Landscape Gaze and Breezy Erudition, and What About Formal Freedom?
Artist:
Joani Tremblay
Dates:
April 22 – June 4 , 2016
Location:
A/P Main Gallery
Reception Details:
Friday, April 22, 8-9pm
About the Exhibition
Joani Tremblay – Landscape Gaze and Breezy Erudition, and What About Formal Freedom? – exhibition essay by Christie Kirchner
Joani Tremblay’s work is rooted in the creation of spaces, both external, physical spaces to be occupied, and internal, psychological spaces of experience. Working in embroidery, printmaking and drawing, she creates illusory multi-media environments that weave together imagined places and experienced places, leading us tenuously along and across the borderline between our outer and inner landscapes. Her installations – often characterized by suspended embroidered drawings interspersed with prints, sculptural objects, and even live plants – create spaces that must be physically occupied, but that also provide an ethereal, abstract environment, in which the viewer can project their own backdrop of memories, fixations, and fantasies.

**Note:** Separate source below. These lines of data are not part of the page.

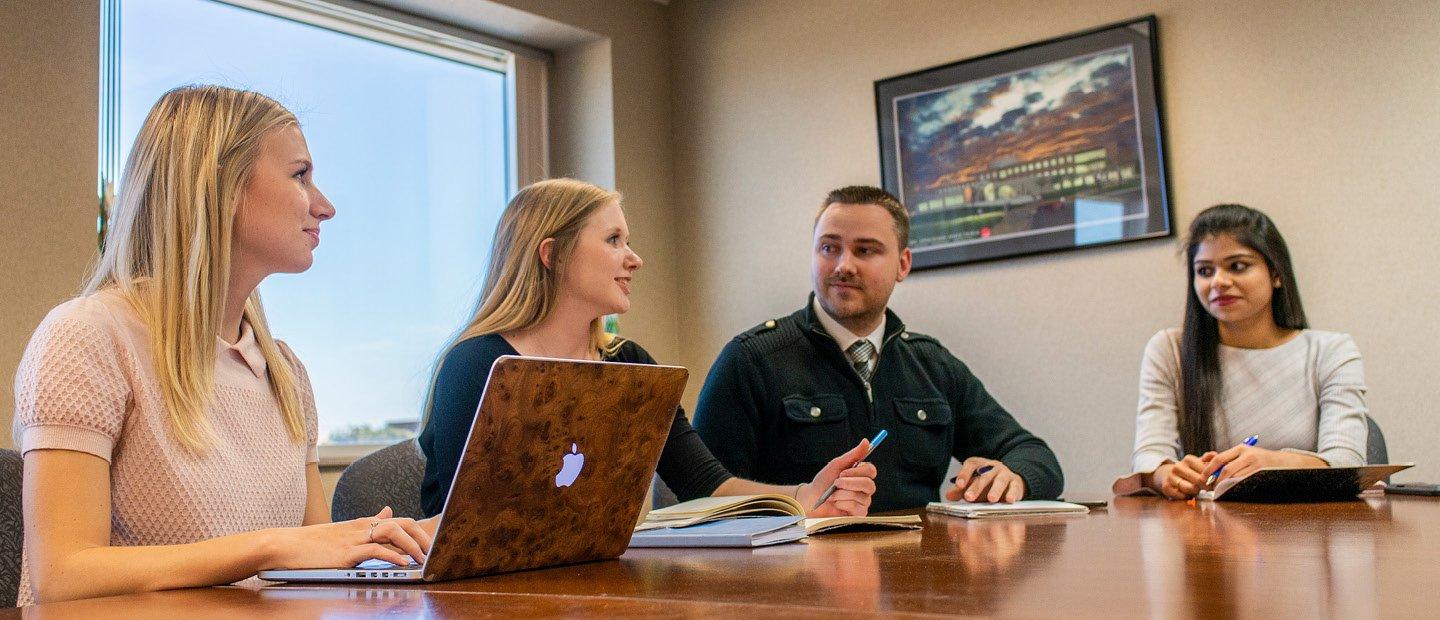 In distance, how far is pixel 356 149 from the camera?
382cm

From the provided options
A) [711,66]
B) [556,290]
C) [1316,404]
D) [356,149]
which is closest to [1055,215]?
[1316,404]

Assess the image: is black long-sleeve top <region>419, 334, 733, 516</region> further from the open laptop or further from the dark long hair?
the dark long hair

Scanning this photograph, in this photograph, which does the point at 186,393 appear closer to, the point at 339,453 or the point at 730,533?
the point at 730,533

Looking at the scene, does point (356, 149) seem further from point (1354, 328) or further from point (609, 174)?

Tremblay’s exhibition Landscape Gaze and Breezy Erudition, and What About Formal Freedom? explores the transfer between the physical experience of a place and the imaginings it conjures by endeavoring to re-create the “feel” of an existing place. In this work, she is interested in how we connect to and experience the feeling of powerful, emotionally loaded places – landscapes that have a particular mystical, ritual or historical significance. This specific installation draws inspiration from the Untermyer Garden in New York state: an elaborate, century-old garden founded by Samuel Untermyer, then a prominent lawyer and Jewish-rights advocate, and designed in the Beaux-Arts style at the turn of the century. Upon Untermyer’s passing, the gardens were endowed to the state, abandoned, and soon fell into neglect, becoming a neo-renaissance-styled shelter for transient people and a mystical site for conducting occultist rituals. For several days, Tremblay walked, sketched, photographed and collected minerals and flora from the park as source material for her work, while internalizing a distinct feeling invoked by the esoteric history, architectural details and abandoned, outgrown aesthetic of the gardens.
The resulting works seek to elicit this affective experience in the viewer – the layers of time, overgrowth, and mysticism – through the repetition and layering of imagery. Within her sketches and photos, Tremblay looked for interesting details and gestural marks that resonated with her inner experience of the landscape. She then reproduced these tiny pieces of the collected garden imagery and re-configured, repeated and collaged them over and over in her prints and drawings into larger images and onto objects that form the new landscape of the installation. The ore and foliage collected at the site were ground into pigments to make inks from which the resulting imagery is printed, creating works that capture the feel of the gardens through both formal reflection and materiality.
Re-contextualizing these elements from their original locale into the layered marks of a maze of drawings, prints and objects, Tremblay’s installation creates a parallel space that exists somewhere in between the garden’s actual landscape and its distinct emotional experience. From this distilled essence of its history, visual details, and natural elements, we as viewers are invited construct our personal inner experience of the Untermyer gardens. By triggering a particular feeling or emotional response through our interaction with her constructed space, Tremblay seeks to explore our internal perception of and connection to the physical landscapes around us, and how we understand the notion of place.
Artist Bio: Joani Tremblay is an artist and curator living in Montreal. She is an MFA candidate at Concordia University with an art practice based in print media, drawing and installation. Tremblay’s work has been shown in Tokyo (3331 Arts Chiyoda), New York City (DRAFTspace), Denton, Texas (tAd Gallery) and throughout Canada in Toronto (Open Studio Gallery), Montreal (Parisian Laundry), Rimouski (Caravansérail) and soon in Calgary (Alberta Printmakers Gallery) and Edmonton (Latitude 53). Tremblay has also done artist residencies in Tokyo and Berlin. Her work is part of the Loto-Québec Collection and numerous national and international private collections. She is the recipient of the Vladimir J. Elgart Graduate Scholarship and a research grant from The Fonds de recherche du Québec – Société et culture.